È come tornare al liceo: la ragazza che ho trascinato in una stanza che si raccomanda di uscire almeno un quarto d'ora dopo di lei, l'adrenalina che segue al fare qualcosa di segreto e probabilmente sbagliato.

Ma non c'è una ragazza, stavolta.

Ci sarà Churchill con i capelli ancora spettinati dalla stretta delle mie dita, i suoi occhi che brillano sotto il riflesso argenteo della luna e i primi due bottoni della camicia slacciati.

Mi sorriderà, nel vedermi arrivare, il suo braccio che si incastra immediatamente sulle mie spalle, e mi sfilerà dalla bocca la prima sigaretta che tenterò di accendere.

Non so come fai a fumare questa merda, commenterà, la Winston che pende dalle sue labbra e io altrettanto.
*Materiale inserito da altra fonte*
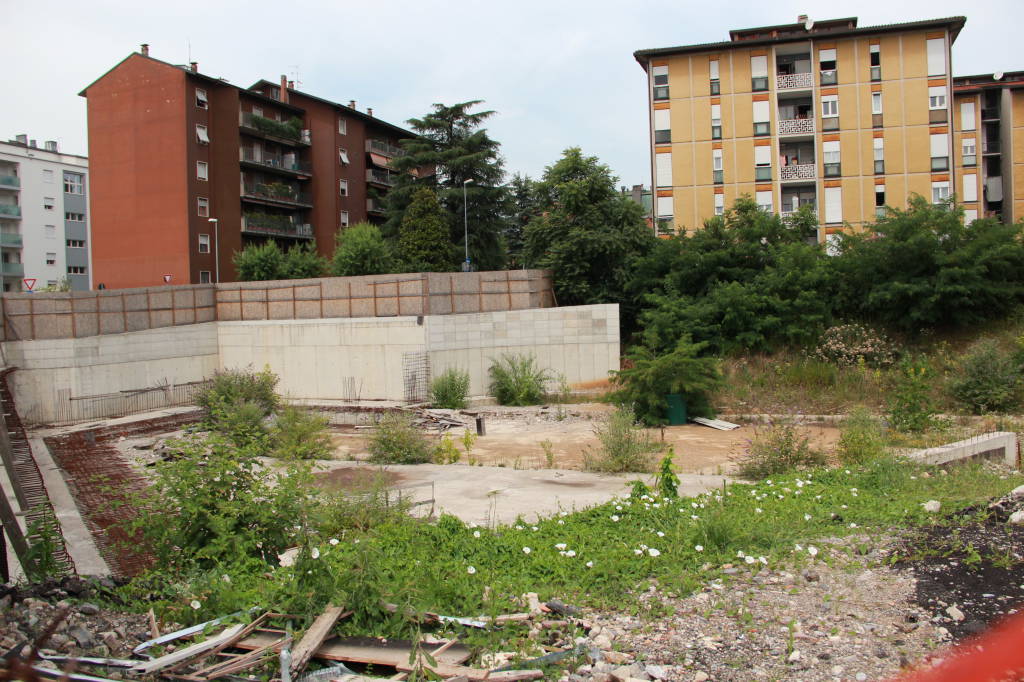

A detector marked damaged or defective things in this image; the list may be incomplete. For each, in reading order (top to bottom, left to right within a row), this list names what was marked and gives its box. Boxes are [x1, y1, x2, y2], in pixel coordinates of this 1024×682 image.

broken wooden plank [130, 622, 245, 675]
broken wooden plank [290, 602, 350, 671]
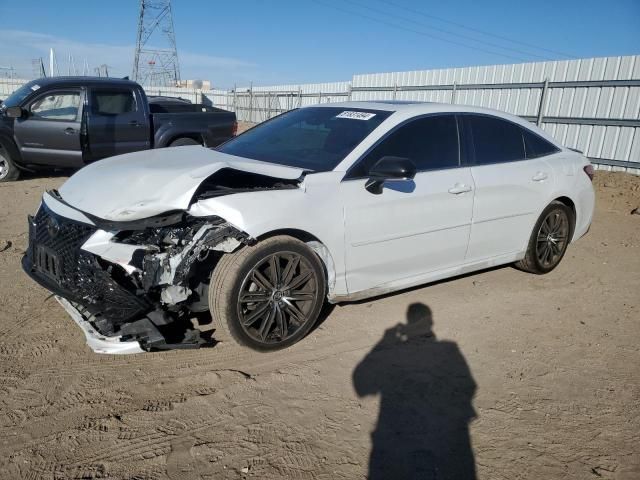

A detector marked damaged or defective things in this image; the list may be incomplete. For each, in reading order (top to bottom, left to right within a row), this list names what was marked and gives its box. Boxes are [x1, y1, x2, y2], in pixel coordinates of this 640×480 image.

crumpled hood [58, 146, 304, 221]
damaged front end [23, 193, 252, 354]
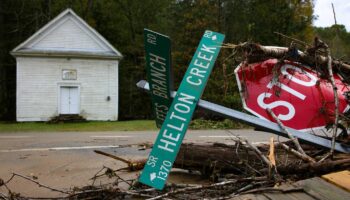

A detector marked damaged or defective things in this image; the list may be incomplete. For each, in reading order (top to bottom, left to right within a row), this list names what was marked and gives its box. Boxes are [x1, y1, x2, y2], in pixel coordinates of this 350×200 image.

broken signpost [138, 29, 226, 189]
damaged stop sign [235, 58, 350, 131]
Sento gli angoli della bocca tirare verso l'alto, la mia espressione che si riflette nello specchio e mi fa sorridere ancora di più.
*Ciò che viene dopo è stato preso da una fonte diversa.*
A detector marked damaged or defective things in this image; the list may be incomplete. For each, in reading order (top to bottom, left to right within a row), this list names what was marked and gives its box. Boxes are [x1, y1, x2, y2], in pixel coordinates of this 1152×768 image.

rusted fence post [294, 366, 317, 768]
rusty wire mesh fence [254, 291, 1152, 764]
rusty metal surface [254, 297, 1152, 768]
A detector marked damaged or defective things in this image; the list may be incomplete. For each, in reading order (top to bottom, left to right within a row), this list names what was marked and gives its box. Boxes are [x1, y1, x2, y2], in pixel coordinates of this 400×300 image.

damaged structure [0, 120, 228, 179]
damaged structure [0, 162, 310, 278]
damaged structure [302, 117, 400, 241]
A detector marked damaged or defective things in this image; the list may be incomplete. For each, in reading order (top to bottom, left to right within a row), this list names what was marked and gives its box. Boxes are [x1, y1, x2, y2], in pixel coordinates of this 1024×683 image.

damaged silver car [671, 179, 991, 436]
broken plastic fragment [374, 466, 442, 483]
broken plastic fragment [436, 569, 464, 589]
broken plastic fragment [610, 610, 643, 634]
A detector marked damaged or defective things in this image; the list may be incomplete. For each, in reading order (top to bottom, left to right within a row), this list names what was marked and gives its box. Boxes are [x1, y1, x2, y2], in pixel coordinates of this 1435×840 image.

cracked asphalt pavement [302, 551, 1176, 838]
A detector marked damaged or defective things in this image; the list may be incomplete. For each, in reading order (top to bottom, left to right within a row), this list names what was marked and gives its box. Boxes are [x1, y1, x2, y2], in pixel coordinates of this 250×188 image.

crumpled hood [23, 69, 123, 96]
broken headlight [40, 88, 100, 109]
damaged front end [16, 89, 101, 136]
Non riconosco il ragazzo che ricambia il mio sguardo, e forse per questo mi è così facile sorridergli.

I suoi occhi brillano di un verde intenso sotto la luce accecante dei neon, le sue guance sono più rosee di quanto le mie siano mai state.

È sempre stato questo, il mio aspetto?

Lo guardo ancora, questo sconosciuto che certamente non può essere Paul McCartney, e sento di provare dell'affetto per lui.
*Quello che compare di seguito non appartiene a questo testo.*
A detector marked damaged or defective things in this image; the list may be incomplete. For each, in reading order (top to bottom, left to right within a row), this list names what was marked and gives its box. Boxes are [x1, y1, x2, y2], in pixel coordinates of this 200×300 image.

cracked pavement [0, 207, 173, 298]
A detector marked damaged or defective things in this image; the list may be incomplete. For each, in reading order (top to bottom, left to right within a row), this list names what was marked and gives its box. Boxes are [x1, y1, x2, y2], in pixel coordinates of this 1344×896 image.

Il sorriso che ha stampato in volto lo fa sembrare più piccolo di quel che è, di gran lunga più innocente, magnificamente più felice.

E non riesco ad odiarlo.

Distolgo lo sguardo prima che l'incantesimo si rompa, perché io conosco il buio e lo sporco e il tormento che perseguitano quel ragazzo, e che sono destinati a raggiungerlo ancora. Sempre.

Ma ancor più forte di questi pensieri, di nuovo, l'immagine di Churchill che mi aspetta -impaziente, mi rimprovererà di averci messo troppo- a lenire ogni sensazione negativa, come unguento sulle ferite.

Neanche trovarmi davanti il bel volto di Stuart Sutcliffe, non appena fuori dalla porta del bagno, riesce a far vacillare il mio sorriso.

Lui sussulta, invece, e allarga immediatamente le mani in un gesto di istintiva difesa.

"Ehy" lo richiamo, seppur malvolentieri. "Mi dispiace, va bene? Non dovevo reagire in quel modo"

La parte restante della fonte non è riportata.